さて会場を見て回りましょう。まずは模型メーカーから。
メーカー参加は十数社です。鉄道趣味の中でもマイナーな分野なので、参加メーカーも少数です。規模も小さく、一人~数人で切り盛りされているメーカーがほとんどです。
こちらはワタシのツボをついた製品を多く出されるモデルワーゲンさんの井笠鉄道北川駅のジオラマです(走行できるので細かいことを言えば「レイアウト」です)。井笠鉄道は岡山県に存在した私鉄で、笠岡~井原間のほかいくつかの路線を有していました。車両はすべて井笠鉄道に存在した車両です。縮尺は1/87です。写真写りの関係でジオラマの一部しかご紹介できませんが、車両製品も多数搬入されています。
軽便鉄道・ナローゲージの鉄道は、個性的な車両が多かったことでも知られています。ここでご紹介するのはワールド工芸さんの製品の中でも特に個性的な面々です。
まずは「根室拓殖鉄道の銀竜号」。銀色と水色は時代の違いで、同じ車両です。この車両だけで2時間くらい語れる個性的な車両です。元設計はトラックで、最初は貨物用として導入したけれども旅客用に改造したものと言われています。トラック流用なこともあり運転台は片側にしかありません。根室拓殖鉄道には3両しか旅客車両はなく、お客が多くて貨車に乗客を乗せている写真も残っています。
次は花巻電鉄デハ5。クリームと朱色で、なにやら竿のようなものを上げている車輌です。花巻電鉄は岩手県の花巻にあった鉄道で、花巻温泉、鉛温泉へと伸びていました。このデハ5、ものすごく幅の狭い電車です。要するに狭いところを通るための対応ですが、車内幅1360mmしかなかったと記録に残っています。ちなみに現在製造されている向かい合わせ席のピッチが1,500mmです。普通に座っていてて対面の人と膝がぶつかるレベルですが、さらに二列のつり革が付いていたというすごい電車です。現在、似た形態のデハ3が保存されています。
デハ5の一段上に写っている派手な装いの電車は、兵庫県にあった明延鉱山の電車、赤金号です。鉱石輸送のための鉄道ですが従業員・家族はもちろん一般の人の添乗も可能でした。一般の人は10円、従業員・家族は1円だったため、1円電車として取り上げられることがありました。ここでは主役は鉱石であり人の輸送はオマケであったのでそんな運賃だったのでしょう。写真のような小さな個性的な電車が使われていました。しかしこのような本当にマイナーなものまで製品になる時代になったんだなぁと感慨があります。
こちらはぐっとサイズの大きな1/48、Oゲージナローの草軽電鉄の電気機関車です。
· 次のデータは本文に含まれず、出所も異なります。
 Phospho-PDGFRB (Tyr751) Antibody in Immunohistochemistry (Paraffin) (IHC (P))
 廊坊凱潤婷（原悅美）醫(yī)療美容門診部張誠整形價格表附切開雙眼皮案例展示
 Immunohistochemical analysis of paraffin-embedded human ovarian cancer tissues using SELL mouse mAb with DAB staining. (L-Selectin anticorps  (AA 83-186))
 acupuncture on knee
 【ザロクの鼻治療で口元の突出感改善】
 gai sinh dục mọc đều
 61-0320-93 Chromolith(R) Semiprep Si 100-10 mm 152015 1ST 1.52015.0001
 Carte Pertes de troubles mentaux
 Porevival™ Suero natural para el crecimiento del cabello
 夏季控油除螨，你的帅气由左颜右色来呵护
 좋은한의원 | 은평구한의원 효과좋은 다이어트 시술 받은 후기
草軽電鉄は長野県~群馬県に、軽井沢と草津温泉の間、55kmを結んでいた鉄道です。この不思議な形の機関車は元々は鉱山・工事用のため背が低く、パンタグラフを高くかかげて高さを補っていました。現在でも軽井沢に1両保存されており、実見するとこんな小さな機関車で55kmも運転していたのかと驚かされます。さらに草軽電鉄は山岳路線にもかかわらずトンネルは全くなく、非常に曲線の多い路線でした。55kmを2時間半から3時間かけて走ったとのことですから、平均速度は20km/h程度。しかしそれが軽便鉄道というものなのです。
続いて1/48のグランビー貨車です。グランビー貨車とは、鉱石などを積み、車体を傾ける装置により、積荷をシューターへと落とすことができる車両です。主な活躍場所は鉱山ですが、現在でもトンネル工事を中心に土木工事で使われることがあります。こちらは道楽ぼーずさんの製品で、実物と同じ「車体を傾ける装置」により、積荷を落とすことが出来るようになっています。
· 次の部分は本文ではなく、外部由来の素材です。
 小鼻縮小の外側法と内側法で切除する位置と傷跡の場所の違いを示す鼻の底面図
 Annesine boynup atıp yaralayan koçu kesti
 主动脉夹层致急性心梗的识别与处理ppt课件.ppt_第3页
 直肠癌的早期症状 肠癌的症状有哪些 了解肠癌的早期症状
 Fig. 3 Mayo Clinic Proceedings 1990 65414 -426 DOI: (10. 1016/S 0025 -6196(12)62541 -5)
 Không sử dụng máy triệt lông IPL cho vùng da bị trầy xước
過去に、動作しない模型は製品化されましたが、動作まで忠実に再現したのは道楽ぼーずさんが初めてだと思います。ほぼスケール通りで脱輪・脱線しないのはお見事としか言いようがありません。動きの仕組みなどくわしくは道楽ぼーずさんのサイトでどうぞ。
クリッターとは「小動物」の事なのですが、アメリカでは小型機関車のことをクリッターと呼んでいます。写真のとおり小型機関車の工作を楽しんでいるクラブです。スケールモデルからパロディの効いたものまで個性的な車両たちが並びます。
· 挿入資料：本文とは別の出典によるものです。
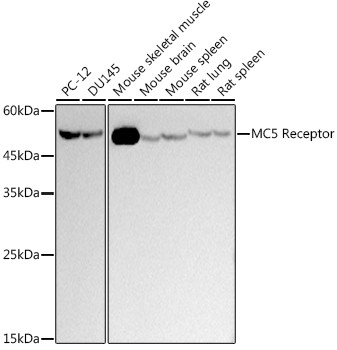 MC5R Antibody in Western Blot (WB)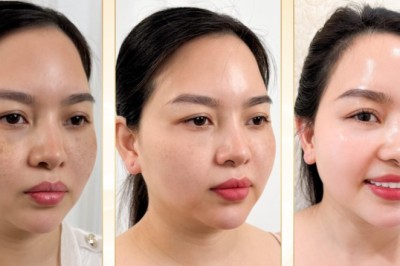 Trị Nám Bằng Vitamin C & Peeling – Làm Sáng Da, Ngăn Tái Phát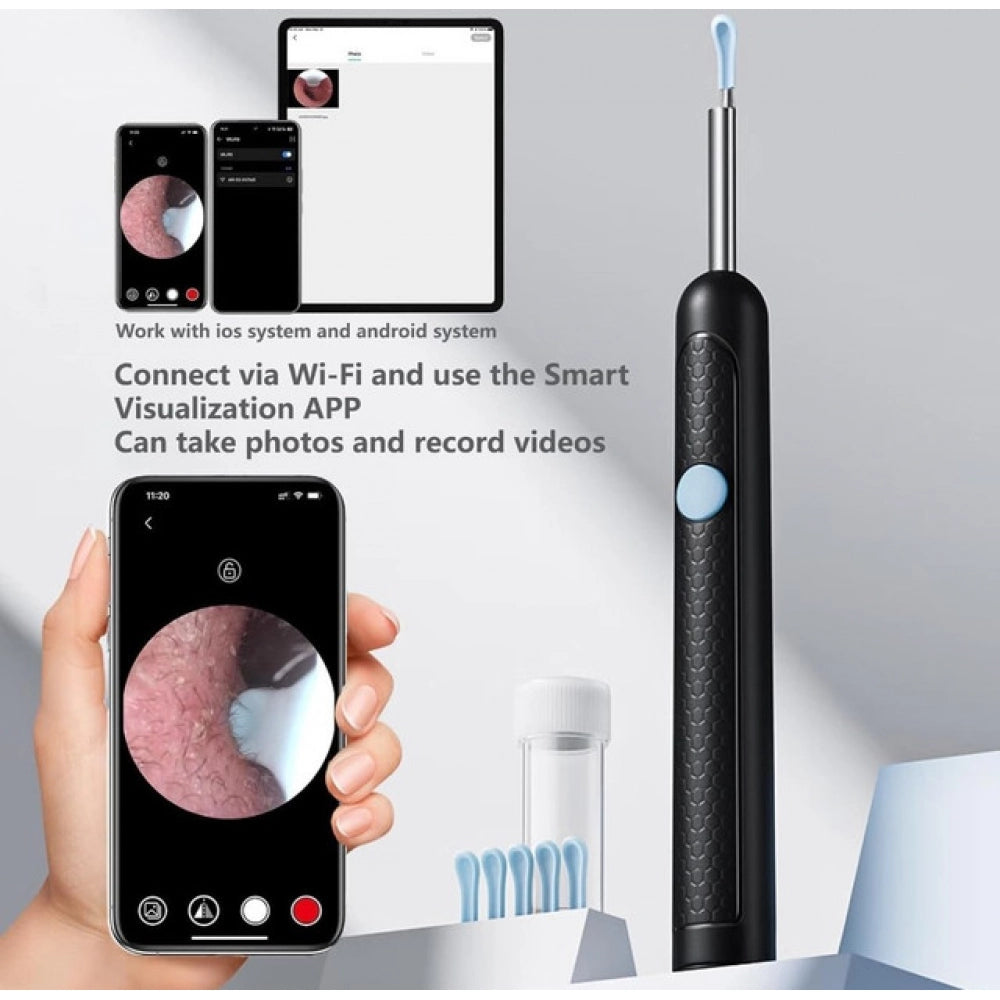 { "alt_text": "Multicolor silicone otoscope camera kit for safe earwax cleaning, nasal and skin inspection tool" }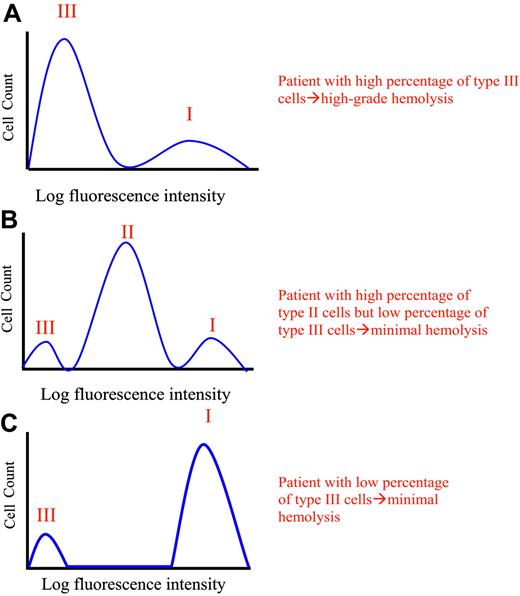 Figure 4. Phenotypic mosaicism in PNH. Hypothetical histograms of erythrocytes from patients with PNH stained with anti-CD59 are illustrated. The proportion and type of abnormal erythrocytes varies greatly among patients with PNH and these characteristics are important determinants of clinical manifestations. In general, patients with a high percentage of type III erythrocytes have clinically apparent hemolysis (A). If the erythrocytes are partially deficient in GPI-AP, hemolysis may be modest even if the percentage of the affected cells is high (B). A patient may have a diagnosis of PNH, but if the proportion of type III cells is low, only biochemical evidence of hemolysis may be observed (C). Illustration enhanced by A. Y. Chen.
こちらは具体的な鉄道を想定し、その沿線風景と車両を作成する軽便モジュール倶楽部のレイアウトです。作りこまれた情景はまさに惚れ惚れします。この倶楽部の方々のレベルの高さは本当にすごいです。信号が点いたり、電車の音がしたりとギミックも見事でした。
2フィート=610mmゲージの鉄道を1/48に縮尺したOn2と呼ばれる模型を楽しむ方々のクラブです。クレーンで砂利をすくって貨車に積むというギミックがありましたが故障中でした。砂利がレールの隙間に入り込んでしまうのが悩みのようでした。
このほかに講演もあり、ちょっと手狭な会場は人でいっぱいでした。しかし懸念されるのは平均年齢の高いこと。もう実物を体験した人は60代以上です(多くのナローゲージの鉄道は、昭和40年代までに廃止されてしまいました)ので当たり前といえば当たり前なのですが、価格的にも趣味的にも「大人の趣味」どころか「老人の趣味」と見られないように、今後の世代の取り込みが必要だなぁと感じました。
ナローゲージの魅力は、その「特殊性」にあると思います。小規模な鉄道ゆえの個性、用途に特化したことによるアクの強さ、予算の少なさに由来する無理やりな改造など、特殊性の宝庫なのです。かといって三倍速いとかではない。むしろ数倍遅いです。そんな、型にはまらない、量産されない良さを、受け取っていただければ幸いでございます。